最近、半導体不足が紙面をにぎわせていますね。

半導体製造で大きなプレゼンスを持つ台湾ですが、近年、アジアのICT基地としての重要性が増してきています。

この10年、グーグルやフェイスブックなど巨大IT企業が世界各地につくるデータセンターを結ぶ専用網として海底ケーブルを敷設してきました。

大西洋を横断する海底ケーブルのデータ通信量の実に8割が、グーグルやフェイスブックなどコンテンツ事業者が占めます。

近年はアジアでのデータセンター需要の高まりと米中対立のなか、台湾と海外を結ぶ海底ケーブルの容量が急速に増えています。

台湾と海外を結ぶ海底ケーブルの通信容量は、2019年には25テラバイトにまで拡大し、20年末には51テラバイトに拡大する見込みです。

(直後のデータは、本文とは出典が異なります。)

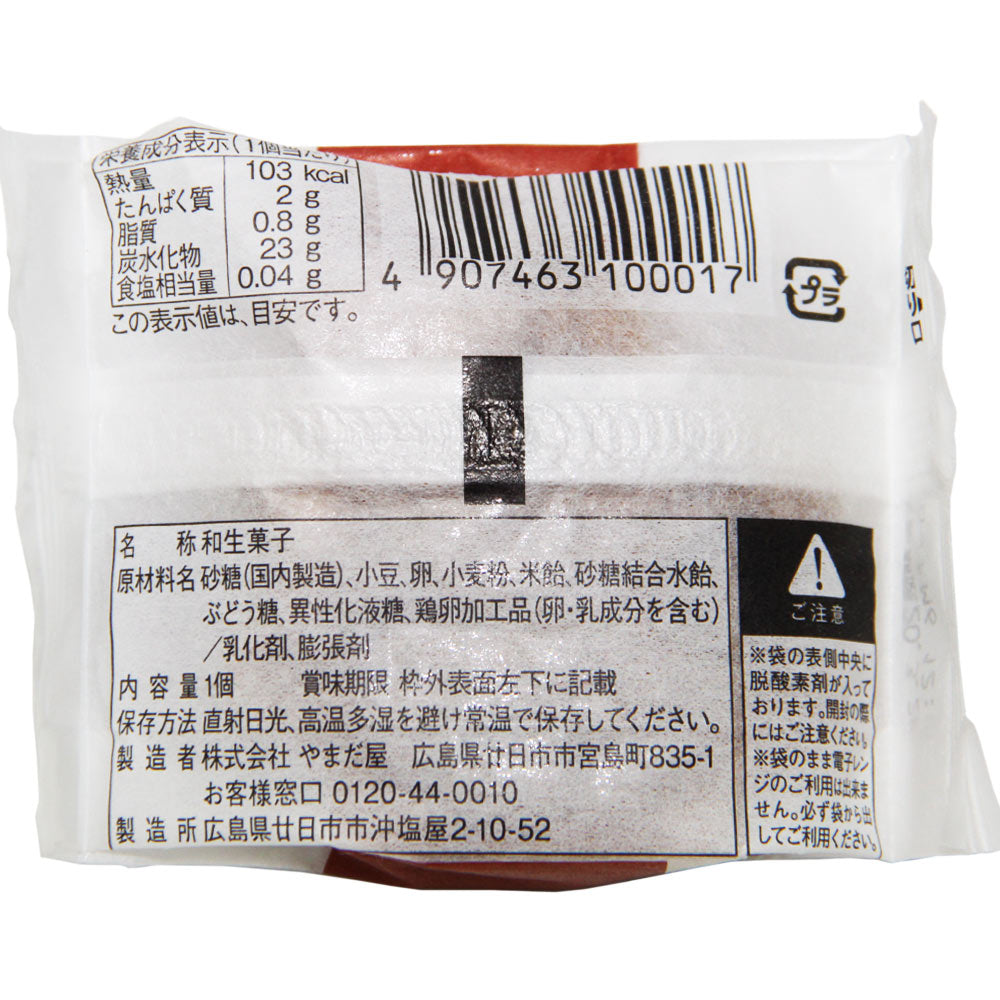 やまだ屋 広島銘菓 もみじ饅頭 10個入り 2箱セット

グーグルやフェイスブックらが建設していた米国ロサンゼルス−中国香港を結ぶ太平洋横断海底ケーブルは、米中対立のため、ルートがロサンゼルス−台湾、フィリピンへと変更されました。

台湾の通信大手の中華電信は、台湾と海外をつなぐ海底ケーブルを、今後3年内に3本新設することを計画しています。

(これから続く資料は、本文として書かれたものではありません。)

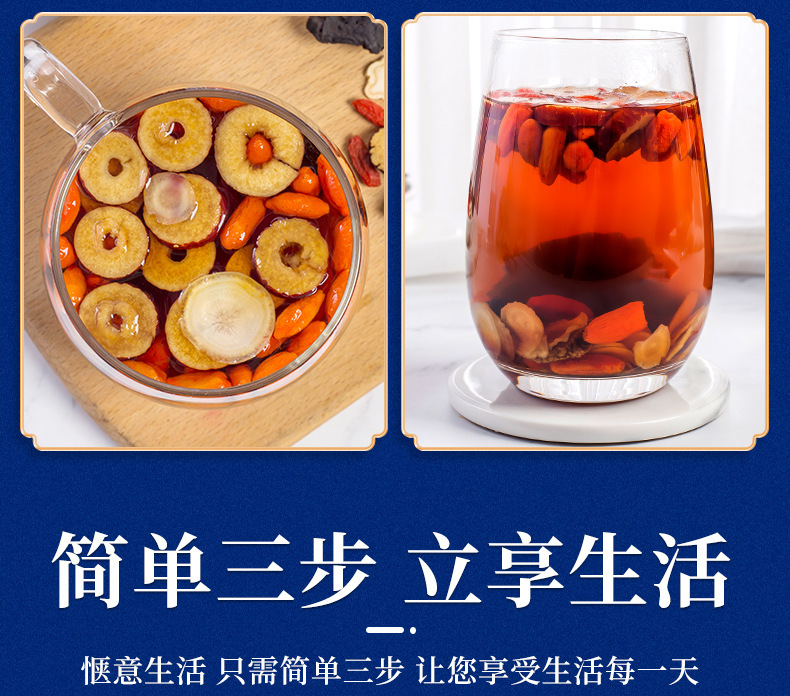 Ginseng Five Treasures Tea Ren Shen Wu Bao Cha Herbal Tea Bags 150g Sugar Free Daily Wellness Brew quality and texture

グーグルは台湾に3つ目のデータセンターを建設中です。マイクロソフトは台湾に初めてのデータセンターを建設中の他、ハイテク企業が集積する新北市に、関連のインフラ開発や研究を行う新拠点「AHSI」も設置します。

他のICT企業はAIセンター、IoT実験施設等の開設をしてきました。

このように台湾は、世界のクラウド、AI、IoT等のサービスの円滑な利用に関し、重要性が急速が高まっています。

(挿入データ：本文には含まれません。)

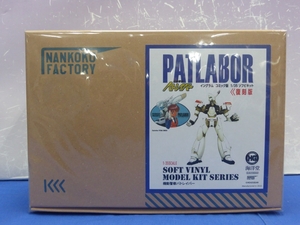 A13 Mobile Police Patlabor in gram comics version 1/35 sofvi kit reprint Kaiyodo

しかし台湾は地震大国でもあります。過去に、台湾で起きた地震が世界に大きな影響を与えたことがありました。

2006年12月に台湾でマグニチュード7.1の地震が発生したとき、国際海底ケーブルが切断し、中国、シンガポール、香港の一部でインターネットが使えなくなりました。

日本でもネット証券会社の中国株取引サービスに障害が発生した他、日本の携帯各社の国際ローミングサービスが利用できなくなりました。

また韓国では一部銀行のオンラインバンキングサービスとATMが機能しなくなりました。

もし今後、台湾で巨大地震が起き、海底ケーブルの一部が寸断されるようなことがあれば、世界経済に与える影響はもっと大きくなることが予想されます。

また大地震により、TSMCの半導体製造工場が損傷し、一時的に稼働が止まる可能性もあります。

10年前の東日本大震災のとき、ルネサスエレクトロニクスの栃木の工場で設備が損壊し、一部稼働を再開するまでに約3カ月の時間を要し、完全復旧まで半年程度かかりました。

これからは、よその国で起こった自然災害が我々の生活に、より大きな影響を及ぼしかねない時代に入るのかもしれませんね。